No dia 26 de Junho de 1744, foi colocado na torre da Colegiada o sino do relógio que ainda hoje lá está e que, além de dar as horas, também funcionava como sino de correr, substituindo o sino do Castelo na indicação da hora de se cerrarem as portas que circundavam a muralha da vila, 9 ou 10 da noite, consoante se estivesse no Inverno ou no Verão. Os seus repiques também se faziam escutar em ocasiões festivas.

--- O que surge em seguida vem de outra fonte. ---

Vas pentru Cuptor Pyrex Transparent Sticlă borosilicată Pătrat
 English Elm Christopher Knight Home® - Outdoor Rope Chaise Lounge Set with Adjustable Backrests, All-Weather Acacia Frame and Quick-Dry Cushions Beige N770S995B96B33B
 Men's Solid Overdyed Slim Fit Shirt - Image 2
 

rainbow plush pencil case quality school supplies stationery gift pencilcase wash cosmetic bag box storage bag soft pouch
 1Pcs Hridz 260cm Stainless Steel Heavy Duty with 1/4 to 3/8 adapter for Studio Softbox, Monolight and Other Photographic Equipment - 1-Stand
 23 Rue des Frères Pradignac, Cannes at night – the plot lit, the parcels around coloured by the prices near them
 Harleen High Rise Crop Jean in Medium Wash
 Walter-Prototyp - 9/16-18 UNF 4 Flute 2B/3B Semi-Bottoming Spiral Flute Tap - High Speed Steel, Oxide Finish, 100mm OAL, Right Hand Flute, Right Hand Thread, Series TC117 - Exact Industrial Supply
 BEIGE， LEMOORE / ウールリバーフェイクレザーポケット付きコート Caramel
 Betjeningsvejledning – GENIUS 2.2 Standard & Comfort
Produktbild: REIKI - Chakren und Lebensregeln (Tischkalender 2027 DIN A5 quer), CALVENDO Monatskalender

Feito para contar o tempo, o relógio da torre sofria com a passagem dos anos e a fúria dos elementos. No dia 21 de Fevereiro de 1843, a torre foi atingida por um raio que, entre outros estragos, deitou abaixo o martelo do relógio. Com o passar do tempo, as queixas dos vimaranenses a propósito das inconstâncias do funcionamento do seu relógio iam-se repetindo, como se percebe por uma notícia do jornal A Tesoura de Guimarães, de 17 de Março de 1857.
Relógio.— A falta do relógio do município, que muita gente tem sentido, está a terminar pelas diligencias do zelozo, e activo vereador o ilmo. sr. dr. Salazar; ignoramos contudo se este bem será de duração, porque ainda ignoramos se o zelo da ilustre Câmara pelos bens do município foi, ou deixou de ser conforme com os seus reais interesses. Temos ouvido dizer, que o relógio está tão velho, que não admite concerto durável. O ilustre vereador, que repelidas vezes o foi examinar acompanhado de peritos, não se enganaria com muita facilidade; se porém este conserto não produzir efeito, deixemo-nos de remendos: o futuro conserto seja um novo.
Os remédios que foram aplicados ao relógio na sequência da intervenção do Dr. Rodrigo Salazar, ilustre vereador municipal, não terão sido suficientes para o salvar. Logo chegaria o tempo de ponderar a aquisição de um novo relógio municipal.